### Material to process ###

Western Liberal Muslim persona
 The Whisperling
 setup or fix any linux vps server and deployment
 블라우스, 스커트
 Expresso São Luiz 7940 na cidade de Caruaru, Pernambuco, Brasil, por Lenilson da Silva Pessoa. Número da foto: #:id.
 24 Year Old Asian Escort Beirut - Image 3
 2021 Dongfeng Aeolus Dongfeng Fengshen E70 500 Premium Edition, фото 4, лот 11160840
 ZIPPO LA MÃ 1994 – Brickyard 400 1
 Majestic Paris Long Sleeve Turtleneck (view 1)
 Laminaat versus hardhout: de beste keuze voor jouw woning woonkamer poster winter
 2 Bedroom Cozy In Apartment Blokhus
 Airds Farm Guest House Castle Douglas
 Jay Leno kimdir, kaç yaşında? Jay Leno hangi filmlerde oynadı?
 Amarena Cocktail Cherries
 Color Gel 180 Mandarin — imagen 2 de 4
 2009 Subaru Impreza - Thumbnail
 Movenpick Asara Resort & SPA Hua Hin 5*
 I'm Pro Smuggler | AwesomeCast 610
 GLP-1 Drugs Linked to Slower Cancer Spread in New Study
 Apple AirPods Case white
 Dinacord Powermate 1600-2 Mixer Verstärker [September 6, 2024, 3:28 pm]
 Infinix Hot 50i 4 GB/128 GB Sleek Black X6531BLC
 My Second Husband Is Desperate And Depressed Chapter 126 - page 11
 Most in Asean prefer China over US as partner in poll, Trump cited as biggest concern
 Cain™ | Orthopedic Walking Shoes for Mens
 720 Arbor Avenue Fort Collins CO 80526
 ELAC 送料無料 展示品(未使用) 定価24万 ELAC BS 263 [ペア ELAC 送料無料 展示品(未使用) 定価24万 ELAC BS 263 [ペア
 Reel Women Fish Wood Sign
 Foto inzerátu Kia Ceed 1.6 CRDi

###

Required action: Copy exactly. Include the line containing "ELAC 送料無料 展示品(未使用) 定価24万 ELAC BS 263 [ペア ELAC" and every later line through the end of the listing, and nothing else.

Reply to the exercise:
 ELAC 送料無料 展示品(未使用) 定価24万 ELAC BS 263 [ペア ELAC 送料無料 展示品(未使用) 定価24万 ELAC BS 263 [ペア
 Reel Women Fish Wood Sign
 Foto inzerátu Kia Ceed 1.6 CRDi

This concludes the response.